Et Prudence paraissait enchantée de son conseil, que je rejetai avec indignation.
Non seulement mon amour et ma dignité ne me permettaient pas d'agir ainsi, mais encore j'étais bien convaincu qu'au point où elle en était arrivée, Marguerite mourrait plutôt que d'accepter ce partage.
– C'est assez plaisanté, dis-je à Prudence ; combien faut-il définitivement à Marguerite ?

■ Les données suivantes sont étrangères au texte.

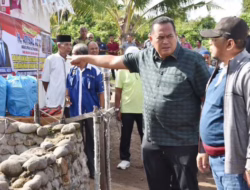 Wako Yota Balad Dampingi Anggota DPR RI Asrizal Azis Letakan Batu Pertama RTLH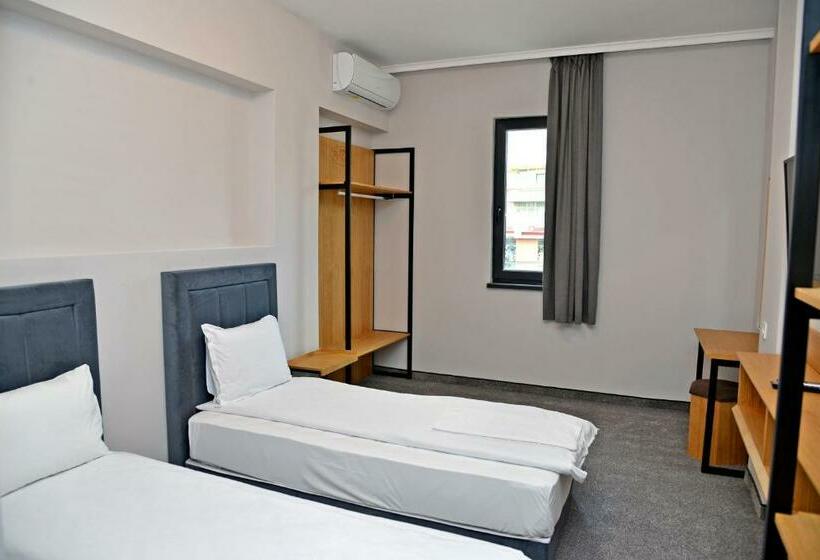 חדר סטנדרט, Ricas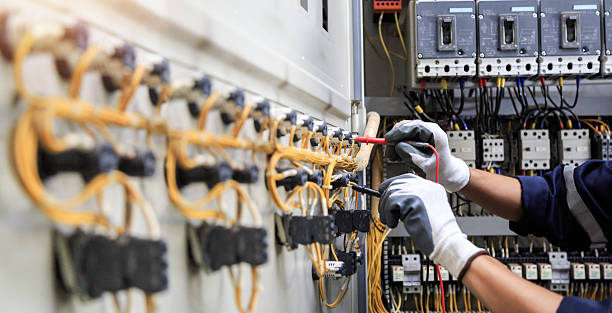 Professional Electrician technician working in Renton, WA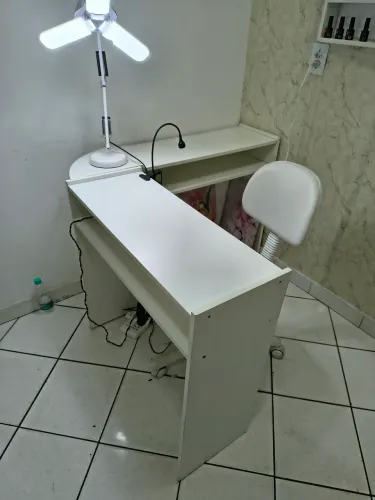 Mesa para manicure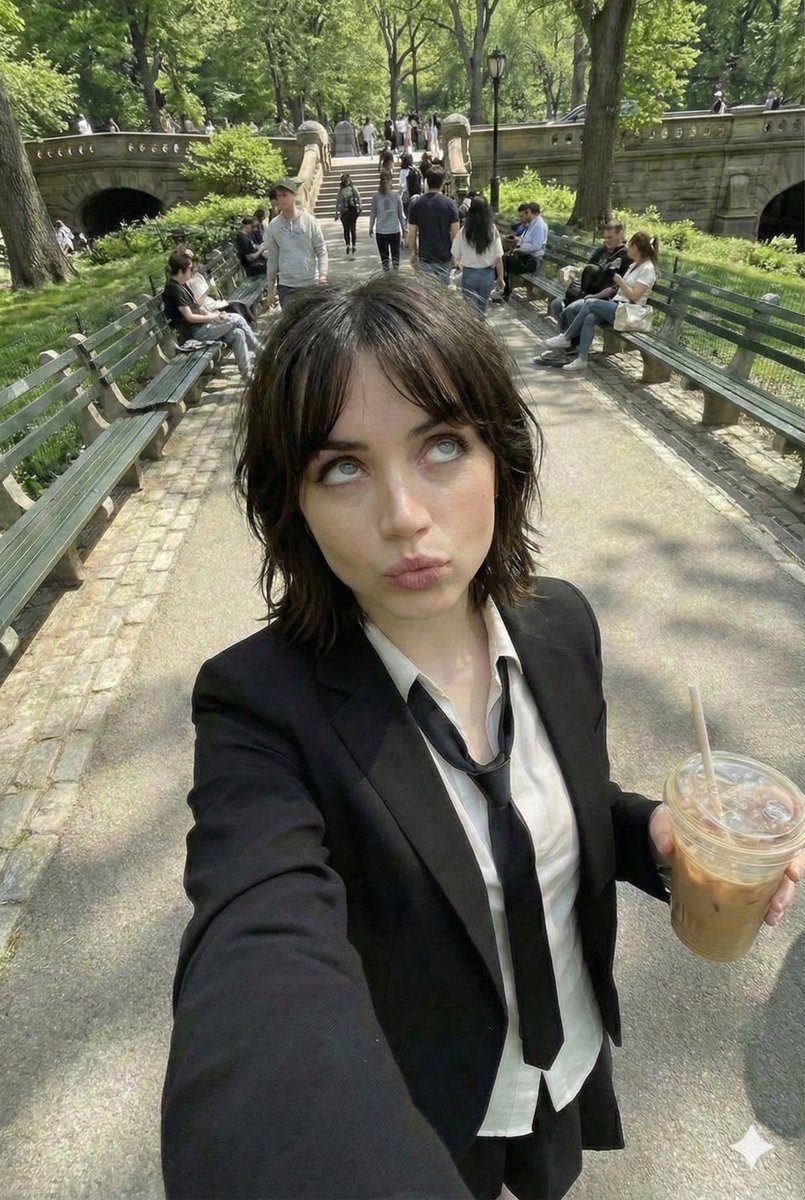 斑驳树影下喝冰咖的雀斑少女 效果图
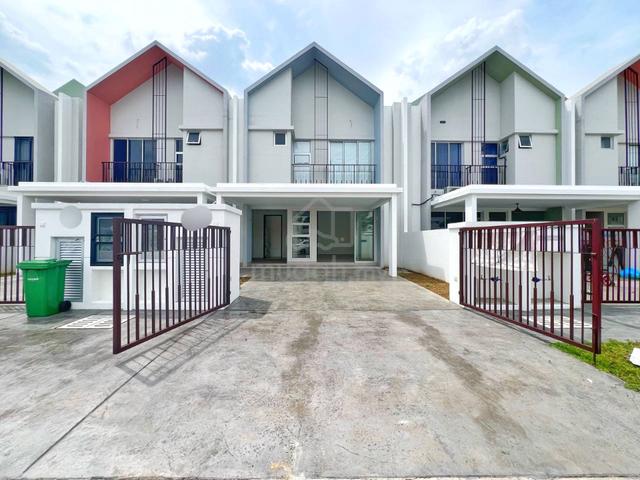 FREEHOLD NEW UNIT 2225ft 2 Storey House Serene Heights Bangi 1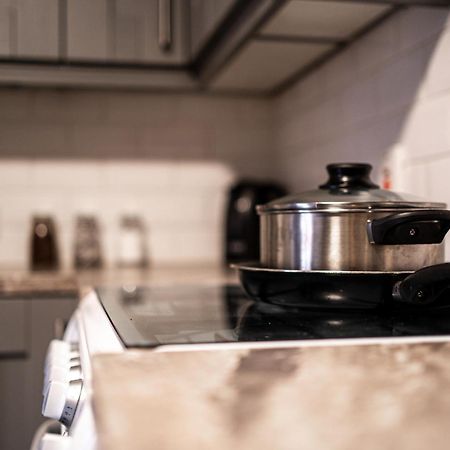 Central Apartment In Belfast City Centre - Sleeps 5 People エクステリア 写真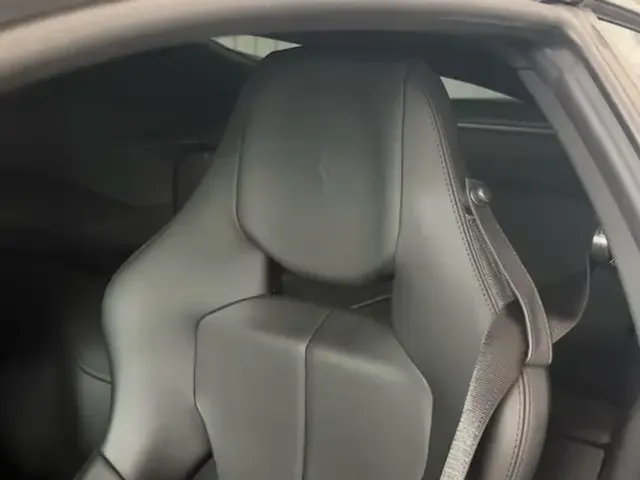 Ferrari 812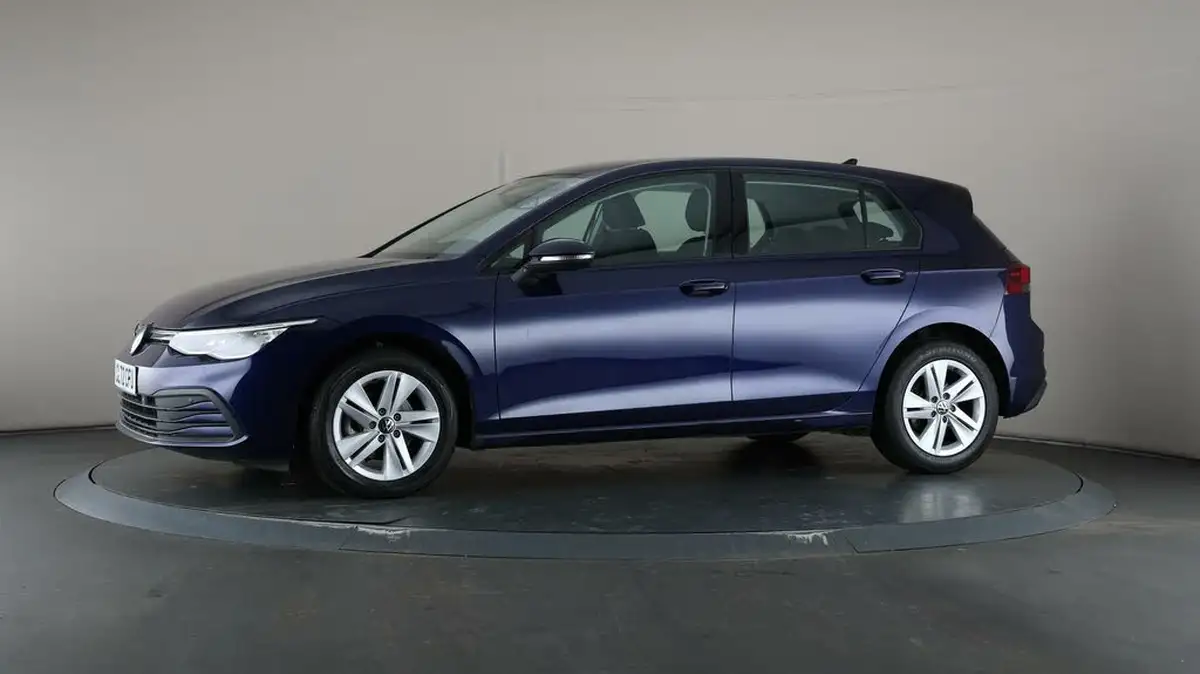 2022-volkswagen-golf-15-tsi-life-130ps-hatchback-big-38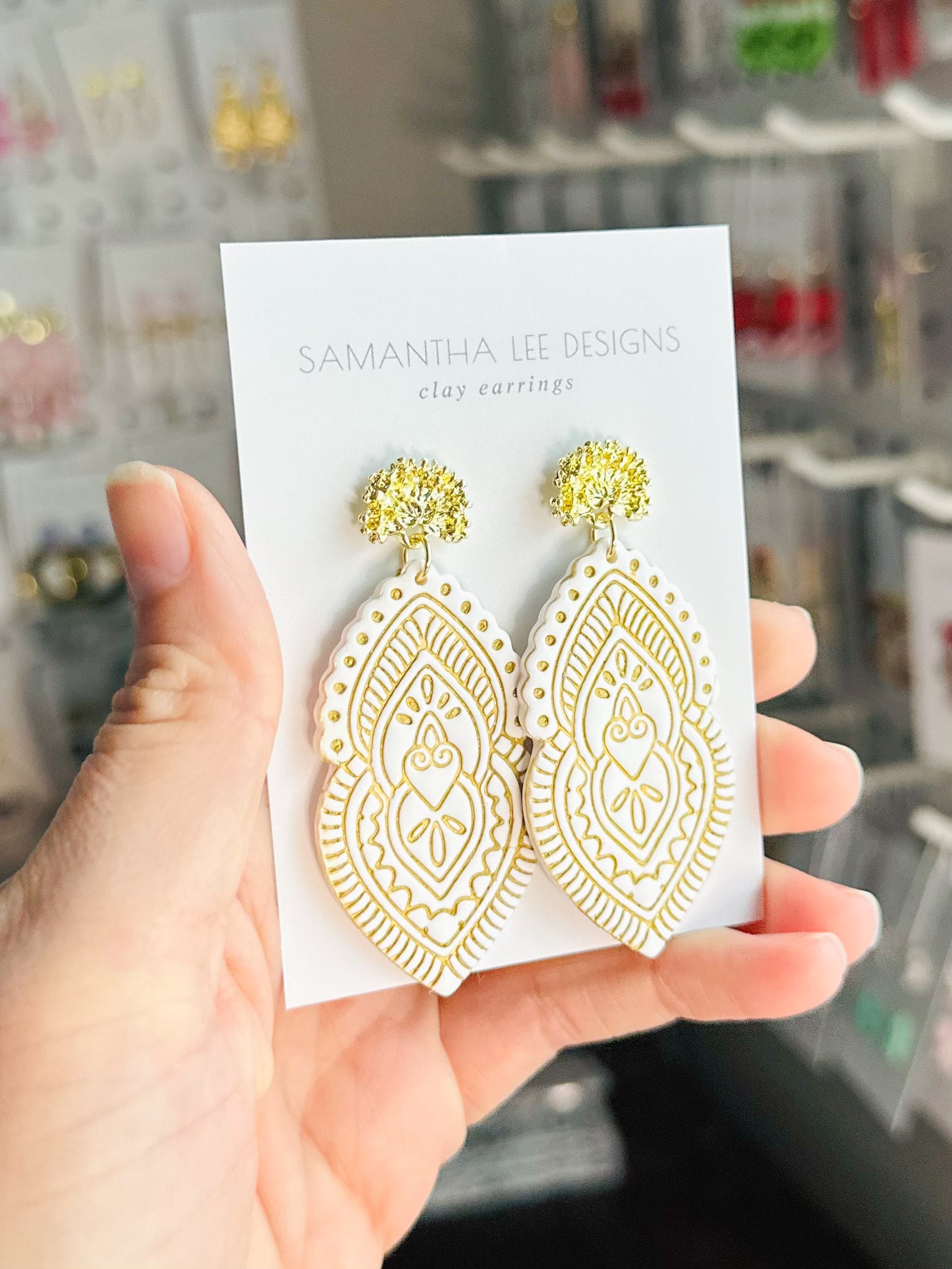 Maya White & Gold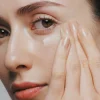 Regenerierende Creme für Augen- und Lippenkonturen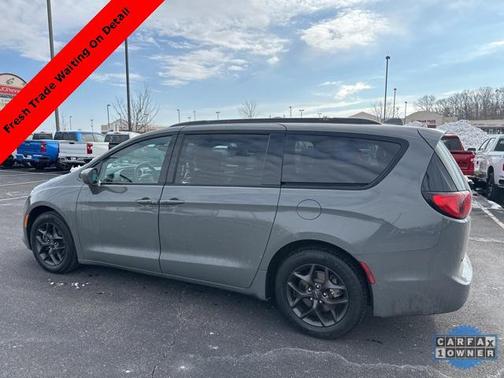 2020 Chrysler Pacifica Touring-L Plus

– Je vous l'ai dit, une trentaine de mille francs.
– Et quand faut-il cette somme ?
– Avant deux mois.
– Elle l'aura.
Prudence haussa les épaules.
– Je vous la remettrai, continuai-je, mais vous me jurez que vous ne direz pas à Marguerite que je vous l'ai remise.
– Soyez tranquille.
– Et si elle vous envoie autre chose à vendre ou à engager, prévenez-moi.
– Il n'y a pas de danger, elle n'a plus rien.
Je passai d'abord chez moi pour voir s'il y avait des lettres de mon père.
Il y en avait quatre.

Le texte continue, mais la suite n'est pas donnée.